Return exactly the span of lines in the following data that opens with the line containing "Szánthó Péter névjegykártya" and closes with the line containing "Quality LUDA Handmade". Include nothing else.

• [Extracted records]
# # # #

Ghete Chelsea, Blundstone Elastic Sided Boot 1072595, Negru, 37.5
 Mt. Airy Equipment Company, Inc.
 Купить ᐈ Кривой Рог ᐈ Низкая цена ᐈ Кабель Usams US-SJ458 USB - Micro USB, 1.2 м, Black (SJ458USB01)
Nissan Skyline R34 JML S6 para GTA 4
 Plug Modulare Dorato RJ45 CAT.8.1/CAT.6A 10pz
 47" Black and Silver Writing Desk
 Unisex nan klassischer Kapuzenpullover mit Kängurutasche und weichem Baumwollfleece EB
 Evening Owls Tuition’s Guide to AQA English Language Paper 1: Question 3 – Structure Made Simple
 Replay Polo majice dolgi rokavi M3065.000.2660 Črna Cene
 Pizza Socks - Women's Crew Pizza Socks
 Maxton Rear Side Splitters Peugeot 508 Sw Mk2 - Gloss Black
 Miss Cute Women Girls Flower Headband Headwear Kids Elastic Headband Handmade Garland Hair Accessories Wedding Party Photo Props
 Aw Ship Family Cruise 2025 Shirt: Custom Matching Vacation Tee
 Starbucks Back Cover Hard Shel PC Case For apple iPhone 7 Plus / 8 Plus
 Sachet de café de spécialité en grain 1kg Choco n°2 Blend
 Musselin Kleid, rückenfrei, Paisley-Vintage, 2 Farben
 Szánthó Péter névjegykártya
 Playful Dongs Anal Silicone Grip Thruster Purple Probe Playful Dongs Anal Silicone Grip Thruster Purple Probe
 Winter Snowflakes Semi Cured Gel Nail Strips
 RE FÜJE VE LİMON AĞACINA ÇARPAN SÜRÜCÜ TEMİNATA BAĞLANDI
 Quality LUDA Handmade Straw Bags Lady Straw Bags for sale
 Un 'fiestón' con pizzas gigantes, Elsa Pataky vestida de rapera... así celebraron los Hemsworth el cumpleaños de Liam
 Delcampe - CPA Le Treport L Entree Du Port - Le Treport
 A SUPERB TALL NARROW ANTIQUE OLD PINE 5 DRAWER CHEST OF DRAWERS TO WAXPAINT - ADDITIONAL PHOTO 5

# # # #

• [RESULT FOR THIS TASK]
 Szánthó Péter névjegykártya
 Playful Dongs Anal Silicone Grip Thruster Purple Probe Playful Dongs Anal Silicone Grip Thruster Purple Probe
 Winter Snowflakes Semi Cured Gel Nail Strips
 RE FÜJE VE LİMON AĞACINA ÇARPAN SÜRÜCÜ TEMİNATA BAĞLANDI
 Quality LUDA Handmade Straw Bags Lady Straw Bags for sale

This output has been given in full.